Friday, August 21, 2009

Catholic Teaching on Superfluous Wealth

In recent months we have a number of influential people donating their assets to the public. The President has given a good example to the citizens in his donation to a scholarship fund for the needy. He once said: “My small fortune does not belong to me alone. The achievement was made possible thanks to the devotion of workers and their families as well as society. What I have so far achieved should be returned to society.”

One of our diocesan priests had an article on the Gyeonju Choi family that has been wealthy for over 300 years. He mentioned that it is usually difficult for a family to remain rich after 3 generations but they have remained wealthy for 12 generations. One of the reasons is their 6 family principles they have followed:

1) Do not be obessed with money

2. Never purchase land from a farmer during a year with a bad harvest.

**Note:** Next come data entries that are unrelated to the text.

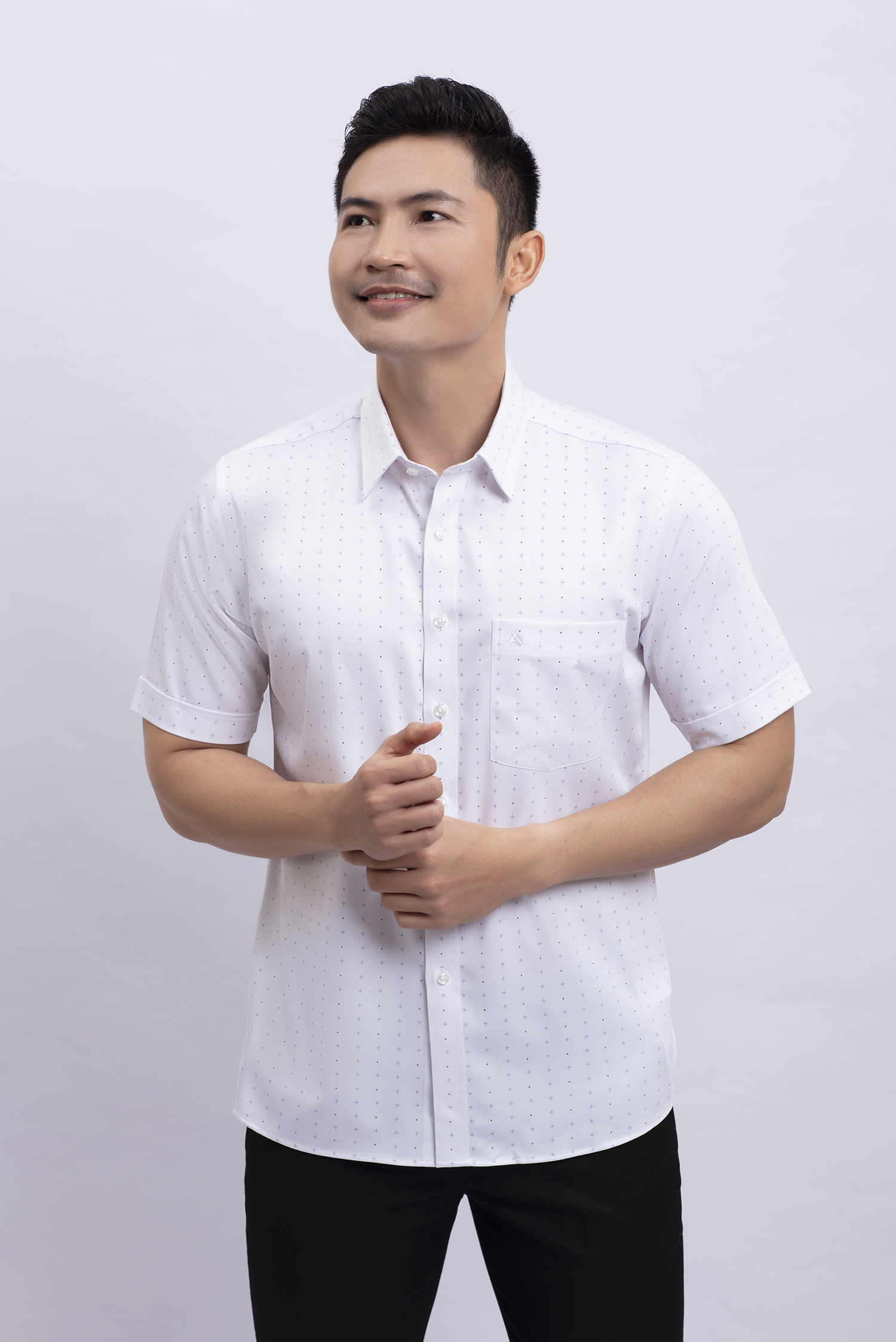 Áo sơ mi ngắn tay trắng in hoa văn - HẾT HÀNG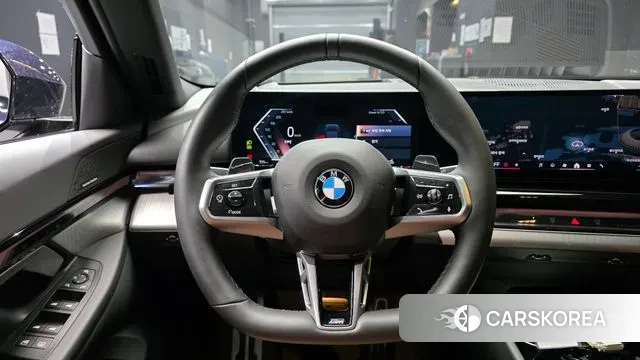 BMW 5 Series (G60) 2024 Черный из Кореи, фото 4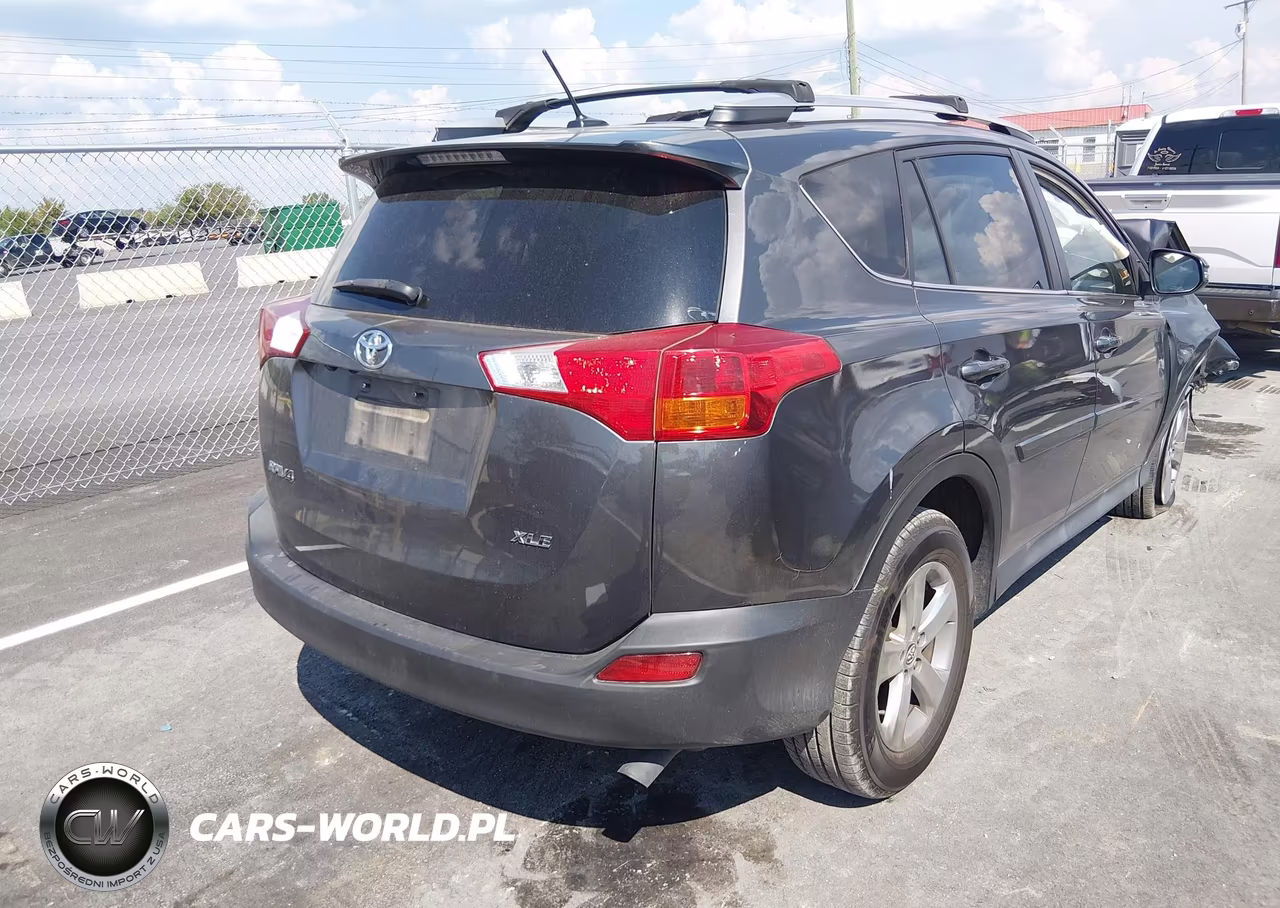 2015 Toyota Rav4 Xle VIN:2T3WFREV7FW228048 - 4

3) Don't be greedy with government positions.

4) Treat guests as if they are members of your family.

5) Never let a neighbor starve.

6) Have your daughter in law stay away from fine silk clothes for 3 years after marriage so she learns the spirit of thrift.

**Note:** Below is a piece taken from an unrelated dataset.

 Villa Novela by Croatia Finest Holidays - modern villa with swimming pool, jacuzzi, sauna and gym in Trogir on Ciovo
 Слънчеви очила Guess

The founder of the dynasty died in the war with the Japanese in 1592. His son blocked up a large stream and recovered much land which he divided among tenant farmers dividing the yield 50/50. The family never had an overseer but dealt with the farmers directly and listened to their grievances. At the end of the Choson dynasty, during the uprising against the upper classes, the Choi family had no problems since their way of living was well known to many.

In recent times the family used a great deal of their money to work for independence from the Japanese. The family helped to build two universities and helped many with their wealth.

The author of this article mentions there are not many rich respected in the Korea of today. The Choi family lived the "Noblesse Oblige" way of life of those blessed with this world's goods. Those who have attained many material goods can thank the society they live in, and should return a part of that to the society.

The Catholic teaching on social issues is not well known to our Catholics let alone those who are not. But the Church has taught that superfluous wealth is not ours to use as we want but belongs to society.
He who has the goods of this world and sees his brother in need and closes his heart to him, how does the love of God abide in him?" Everyone knows that the Fathers of the Church laid down the duty of the rich toward the poor in no uncertain terms. As St. Ambrose put it: "You are not making a gift of what is yours to the poor man, but you are giving him back what is his. You have been appropriating things that are meant to be for the common use of everyone. The earth belongs to everyone, not to the rich." These words indicate that the right to private property is not absolute and unconditional.
On the Development of Peoples, #23 Encyclical of Pope Paul VI.